DESCRIPTION OF CAPITAL STOCK

General

The following is a description of our capital stock and certain provisions of our certificate of formation, bylaws and certain provisions of applicable law. The following is only a summary and is qualified by applicable law and by the provisions of our certificate of formation and bylaws, copies of which are included as exhibits to the registration statement of which this prospectus forms a part.
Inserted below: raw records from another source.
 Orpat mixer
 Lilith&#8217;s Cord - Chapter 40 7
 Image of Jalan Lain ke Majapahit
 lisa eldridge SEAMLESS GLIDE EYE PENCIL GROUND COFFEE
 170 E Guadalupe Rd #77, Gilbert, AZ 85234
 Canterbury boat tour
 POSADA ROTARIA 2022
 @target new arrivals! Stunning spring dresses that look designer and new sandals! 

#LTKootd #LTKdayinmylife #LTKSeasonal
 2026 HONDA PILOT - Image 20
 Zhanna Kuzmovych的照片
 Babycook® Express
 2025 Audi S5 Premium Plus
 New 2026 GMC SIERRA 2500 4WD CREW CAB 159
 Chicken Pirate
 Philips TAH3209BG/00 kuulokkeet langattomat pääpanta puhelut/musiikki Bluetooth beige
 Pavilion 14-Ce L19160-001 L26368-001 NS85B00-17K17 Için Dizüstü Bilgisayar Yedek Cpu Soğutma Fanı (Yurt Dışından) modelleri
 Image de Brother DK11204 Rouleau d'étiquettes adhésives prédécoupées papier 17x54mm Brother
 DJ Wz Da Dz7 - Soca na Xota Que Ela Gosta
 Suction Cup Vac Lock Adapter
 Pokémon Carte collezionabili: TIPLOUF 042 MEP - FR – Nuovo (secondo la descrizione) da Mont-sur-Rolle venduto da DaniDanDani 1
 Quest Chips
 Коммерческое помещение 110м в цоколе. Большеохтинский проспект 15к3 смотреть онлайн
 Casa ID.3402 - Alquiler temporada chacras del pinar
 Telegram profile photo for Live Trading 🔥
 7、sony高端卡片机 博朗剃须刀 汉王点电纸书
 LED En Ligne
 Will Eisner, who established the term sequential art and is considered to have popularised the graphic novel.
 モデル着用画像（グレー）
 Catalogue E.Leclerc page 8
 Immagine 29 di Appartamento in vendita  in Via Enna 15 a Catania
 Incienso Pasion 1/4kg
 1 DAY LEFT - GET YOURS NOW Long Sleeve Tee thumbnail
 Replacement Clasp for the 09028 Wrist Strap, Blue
We are incorporated in the State of Texas. The rights of our shareholders are generally covered by Texas law and our certificate of formation and bylaws. The terms of our capital stock are therefore subject to Texas law, including the Texas Business Organizations Code, and the common and constitutional law of Texas.

Our authorized capital stock consists of 90,000,000 shares of common stock, par value $0.01 per share, and 10,000,000 shares of preferred stock, par value $0.01 per share. As of January 11, 2018, we had 37,284,157 shares of our common stock outstanding held by 180 shareholders of record, and no shares of our preferred stock were outstanding. All of our shares outstanding at that date were fully paid and non-assessable.

Our Common Stock

We have one class of common stock. All holders of our common stock are entitled to the same rights and privileges, as described below.

Voting Rights. Subject to any special voting rights that may be given to any series of preferred stock that we may issue in the future, holders of our common stock are entitled to one vote per share in the election of directors and on all other matters submitted to a vote at a meeting of shareholders. No shareholder has the right of cumulative voting with respect to the election of directors. Directors will be elected by a plurality of the votes cast.

Dividend Rights. Holders of our common stock are entitled to dividends when, as and if declared by our board of directors out of funds legally available therefor.

Liquidation Rights. On liquidation of the Company, the holders of the common stock are entitled to share pro rata in any distribution of the assets of the Company after the holders of shares of preferred stock or other senior securities have received the liquidation preference of their shares plus any declared but unpaid dividends, if any, and after the payment of all other indebtedness and liabilities of the Company.